PART I: In a blog post from a few days ago, I joked that we at Gospel Light don’t know the basic rules to quality blogging. That is not entirely true; we do know at least one rule: A church blog should not be about the blogger. For one day only, I am going to break that rule. Perhaps what I have to write about my personal prayer life may be useful to you, the reader. [Just a quick note before you read further. This story has a happy ending thanks to the inspired and caring counsel of Pastor Giardino.]
James 5:16 says, “Confess your faults one to another”. I have a confession to make. I’m not all that good at praying. I do pray daily and think of Him often. However…. one challenge stems from my short attention span. I’ll start praying in my thoughts and realize 5 minutes later that, somewhere along the line, I stopped praying and started daydreaming. Another conundrum I’ve encountered stems from the second part of Matt 6:8, “for your Father knoweth what things ye have need of, before ye ask him.” Thus, why ask God for anything when He already knows what we need or don’t need? But, of course, this is utter foolishness as God wishes to always and forever be in communion with us. Jesus also commanded us to pray. See Luke 18:1 and 1 Thess 5:17-18.
My biggest problem, thought, comes when I am asked to pray out loud, as some at Gospel Light have witnessed. When I pray silently, I deliberate, pause, and search my heart concerning each thing I say to Him. Believe me, this approach does not work well when one attempts to pray out loud to an audience. I am immensely impressed with those individuals, at Gospel Light or elsewhere, who are able to verbally pray before a congregation or prayer meeting. Often their prayers seem to me polished, practiced and perfect. However, as a slow listener, I can hardly keep up with all the prayer requests being mentioned. I rarely feel as though I’m praying along with the speaker’s prayer, because my mind can’t keep up; I just struggle to listen and, thus, my mind is not on God. Also, I confess that the longer I listen, the more likely my mind will start to wander. Similarly so with my publicly spoken prayers; my mind so is consumed with what I need to say that my mind and heart are not on Our Lord (the One I am supposedly addressing.) Such prayers doubtlessly never make it to God’s ears in heaven. I wonder how many other souls in our church congregation struggle with these same prayer issues.

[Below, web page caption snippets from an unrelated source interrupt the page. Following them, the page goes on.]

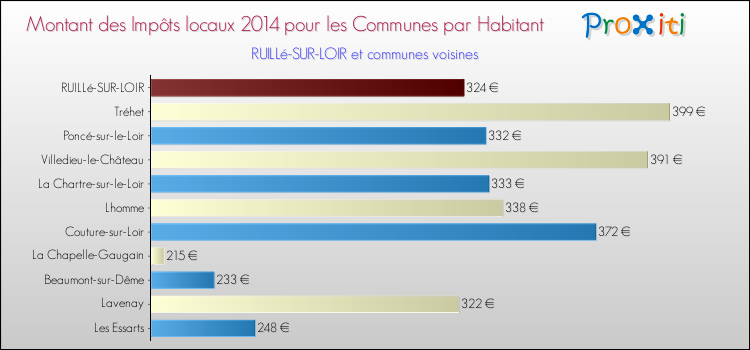 Montant des impôts locaux par Habitant pour RUILLé-SUR-LOIR et les communes proches en 2014 Comparaison des impôts locaux par habitant pour RUILLé-SUR-LOIR et les communes voisines en 2014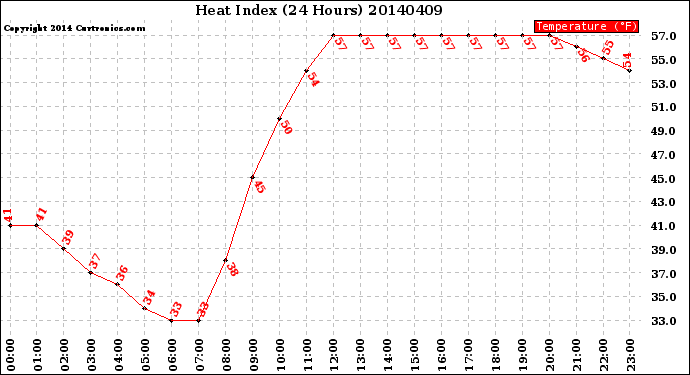 Milwaukee Weather Heat Index<br>(24 Hours)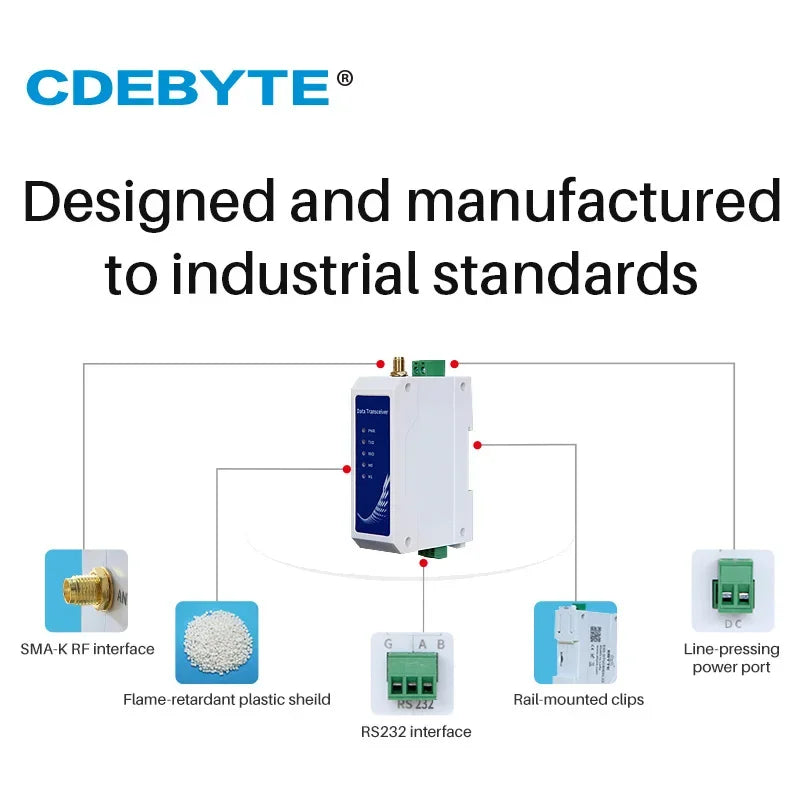 LoRa SX1262 Modbus Modem 433 MHz 470 MHz 22 dBm 5 km RS232 Anti-Interferenz-Funkstation CDEBYTE E95-DTU (400SL22P-232)
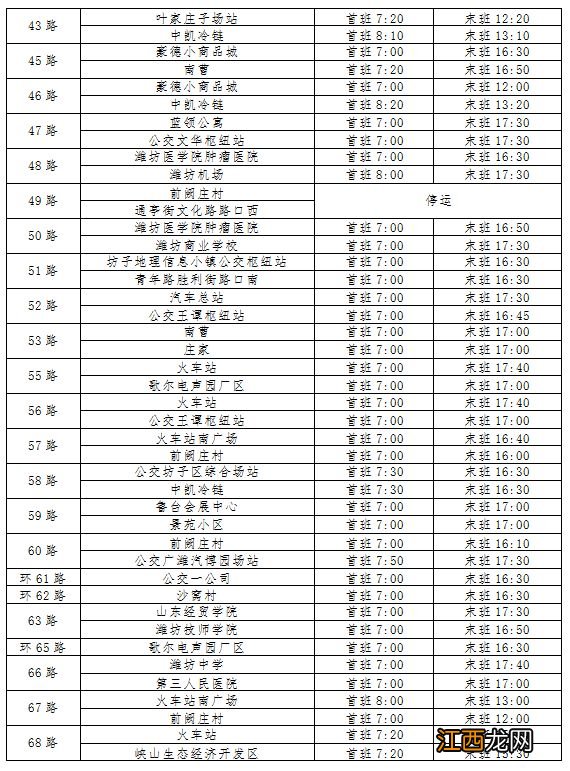 2023潍坊公交春节运行时间?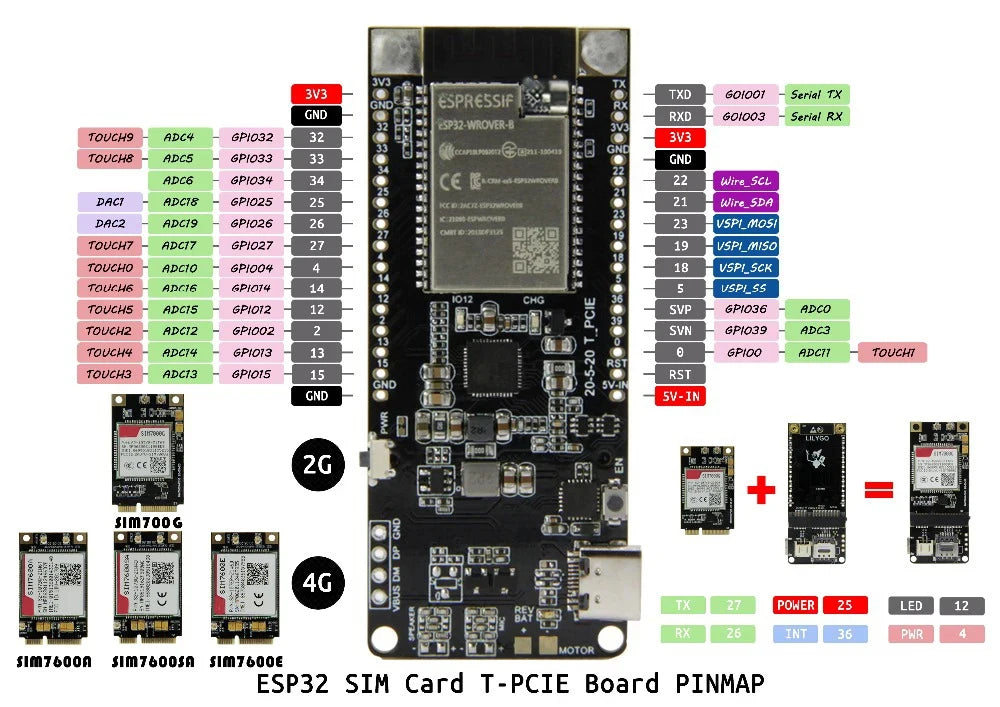 ESP32-WROVER-B Chip NANO Card SIM Series Configurable Hardware SIM7000G SIM7000A SIM7000E Cat-M NB-IoT GSM Module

PART II: In the past, our pastor has taught the acronym, A.C.T.S., as a simple template for prayer. Since most of my readers have seen this before, I need not go into detail. Below are the letters and what they represent in the sequence in which one should properly structure prayer:
A = ADORATION: Begin the prayer by adoring God.
C = CONFESSION: This is when we confess our all our sins to God.
T = THANKSGIVING: This is where we count our blessings, giving thanks to God.
S = SUPPLICATION: This is where we come to the Father asking to supply needs for ourselves and others.
A.C.T.S. is something I will try to remember and use. It makes great sense and it may even help me to pray aloud.
PART III: After reading the above diatribe, Pastor Giardino was not about to let me flounder. Friday evening, he lead me aside and using verses in the holy bible, he explained the vital role the Spirit plays during earnest prayer. He first showed me in Acts 12:5 the power of a church praying together as one. Moving on, he read to me Romans 8:26-27. These verses clearly show the role of the Spirit. Thus, as I stand, sit, or kneel while listening to spoken prayer, the Lord looks into my heart and finds the Spirit making intercession for me. I may not know what to think, nor catch all that is being said, but by having a clean and reverent heart and calling upon the Lord, the mind of the Spirit is what reaches up to heaven. I need not have been so hard on myself after all. As for learning to pray aloud, Pastor G. will teach me how, right pastor? There… a happy ending.